*Dataset excerpts*.
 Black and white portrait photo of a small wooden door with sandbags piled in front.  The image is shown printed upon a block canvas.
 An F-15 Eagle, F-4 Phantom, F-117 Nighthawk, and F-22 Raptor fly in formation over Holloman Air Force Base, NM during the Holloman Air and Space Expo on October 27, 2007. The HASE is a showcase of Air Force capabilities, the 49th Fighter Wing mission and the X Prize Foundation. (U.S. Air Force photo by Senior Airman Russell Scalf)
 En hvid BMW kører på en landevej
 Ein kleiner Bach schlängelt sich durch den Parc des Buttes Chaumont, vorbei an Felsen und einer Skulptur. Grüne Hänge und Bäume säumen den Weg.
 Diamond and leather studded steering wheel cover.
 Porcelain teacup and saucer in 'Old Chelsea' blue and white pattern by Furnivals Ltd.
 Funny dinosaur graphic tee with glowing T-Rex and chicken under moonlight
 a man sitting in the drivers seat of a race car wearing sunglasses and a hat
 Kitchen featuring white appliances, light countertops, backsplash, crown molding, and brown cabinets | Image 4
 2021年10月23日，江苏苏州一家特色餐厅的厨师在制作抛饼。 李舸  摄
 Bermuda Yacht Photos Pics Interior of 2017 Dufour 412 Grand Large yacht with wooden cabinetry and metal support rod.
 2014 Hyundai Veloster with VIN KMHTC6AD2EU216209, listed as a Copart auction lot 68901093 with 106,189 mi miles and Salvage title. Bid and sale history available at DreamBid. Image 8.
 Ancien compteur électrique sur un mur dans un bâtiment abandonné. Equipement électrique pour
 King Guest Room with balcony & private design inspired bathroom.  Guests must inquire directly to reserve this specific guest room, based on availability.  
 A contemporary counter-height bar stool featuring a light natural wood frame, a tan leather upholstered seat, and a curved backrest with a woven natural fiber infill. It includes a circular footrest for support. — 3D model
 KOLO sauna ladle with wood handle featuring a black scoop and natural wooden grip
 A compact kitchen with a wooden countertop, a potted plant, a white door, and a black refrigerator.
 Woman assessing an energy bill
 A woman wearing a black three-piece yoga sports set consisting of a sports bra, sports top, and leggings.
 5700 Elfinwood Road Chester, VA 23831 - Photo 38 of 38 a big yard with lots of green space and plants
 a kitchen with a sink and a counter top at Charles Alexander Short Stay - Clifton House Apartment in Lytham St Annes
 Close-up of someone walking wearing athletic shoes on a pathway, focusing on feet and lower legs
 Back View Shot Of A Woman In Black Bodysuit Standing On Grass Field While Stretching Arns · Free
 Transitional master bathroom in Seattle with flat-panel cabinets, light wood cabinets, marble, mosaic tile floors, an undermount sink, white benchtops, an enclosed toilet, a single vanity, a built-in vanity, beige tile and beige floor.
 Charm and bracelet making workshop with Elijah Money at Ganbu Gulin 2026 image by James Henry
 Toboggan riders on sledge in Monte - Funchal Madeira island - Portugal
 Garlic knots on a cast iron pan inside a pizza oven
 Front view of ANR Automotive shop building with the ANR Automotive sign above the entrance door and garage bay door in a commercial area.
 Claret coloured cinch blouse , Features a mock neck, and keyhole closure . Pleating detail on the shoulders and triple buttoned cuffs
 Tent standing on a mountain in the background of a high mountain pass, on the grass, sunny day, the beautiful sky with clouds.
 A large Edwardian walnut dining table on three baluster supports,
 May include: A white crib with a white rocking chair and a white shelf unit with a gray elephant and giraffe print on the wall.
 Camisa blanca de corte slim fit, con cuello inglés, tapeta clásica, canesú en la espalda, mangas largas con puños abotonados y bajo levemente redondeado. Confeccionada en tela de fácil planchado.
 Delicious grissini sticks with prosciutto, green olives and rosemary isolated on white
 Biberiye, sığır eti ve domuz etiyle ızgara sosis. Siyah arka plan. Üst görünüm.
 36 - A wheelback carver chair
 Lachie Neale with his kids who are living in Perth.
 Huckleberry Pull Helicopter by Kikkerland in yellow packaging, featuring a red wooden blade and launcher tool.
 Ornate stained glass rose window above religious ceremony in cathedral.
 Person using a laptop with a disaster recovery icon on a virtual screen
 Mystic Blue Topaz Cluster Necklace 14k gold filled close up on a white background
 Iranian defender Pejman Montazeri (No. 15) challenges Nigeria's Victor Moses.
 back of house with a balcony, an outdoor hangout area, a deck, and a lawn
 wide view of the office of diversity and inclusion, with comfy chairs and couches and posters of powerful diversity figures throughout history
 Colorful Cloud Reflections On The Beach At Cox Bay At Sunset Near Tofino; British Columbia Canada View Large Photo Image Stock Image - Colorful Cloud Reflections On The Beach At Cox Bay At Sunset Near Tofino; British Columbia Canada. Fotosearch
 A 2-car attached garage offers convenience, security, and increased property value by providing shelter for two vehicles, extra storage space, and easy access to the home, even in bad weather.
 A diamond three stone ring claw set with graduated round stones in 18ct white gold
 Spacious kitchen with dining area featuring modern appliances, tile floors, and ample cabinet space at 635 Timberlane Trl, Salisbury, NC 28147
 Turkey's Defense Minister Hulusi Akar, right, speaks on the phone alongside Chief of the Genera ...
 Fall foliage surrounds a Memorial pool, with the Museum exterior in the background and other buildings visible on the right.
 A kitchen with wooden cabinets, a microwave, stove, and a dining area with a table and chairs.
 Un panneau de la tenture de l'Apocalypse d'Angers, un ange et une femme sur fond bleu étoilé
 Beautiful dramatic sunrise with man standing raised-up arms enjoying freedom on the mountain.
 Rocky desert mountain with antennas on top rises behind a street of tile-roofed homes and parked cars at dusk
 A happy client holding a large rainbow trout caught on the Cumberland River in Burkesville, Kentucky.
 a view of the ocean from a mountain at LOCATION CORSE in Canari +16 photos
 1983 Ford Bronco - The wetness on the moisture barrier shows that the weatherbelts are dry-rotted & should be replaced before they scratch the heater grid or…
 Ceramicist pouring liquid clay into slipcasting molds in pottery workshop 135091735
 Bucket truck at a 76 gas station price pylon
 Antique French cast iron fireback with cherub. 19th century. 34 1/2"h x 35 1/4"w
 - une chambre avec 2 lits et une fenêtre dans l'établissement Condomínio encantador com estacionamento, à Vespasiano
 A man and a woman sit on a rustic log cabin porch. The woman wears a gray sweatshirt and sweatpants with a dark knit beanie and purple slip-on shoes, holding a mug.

*Aim of the exercise*. Among the lines above, repeat exactly those from the line with "En hvid BMW kører på en landevej" to the line with "Porcelain teacup and", counting both ends.

*Task solution*.
 En hvid BMW kører på en landevej
 Ein kleiner Bach schlängelt sich durch den Parc des Buttes Chaumont, vorbei an Felsen und einer Skulptur. Grüne Hänge und Bäume säumen den Weg.
 Diamond and leather studded steering wheel cover.
 Porcelain teacup and saucer in 'Old Chelsea' blue and white pattern by Furnivals Ltd.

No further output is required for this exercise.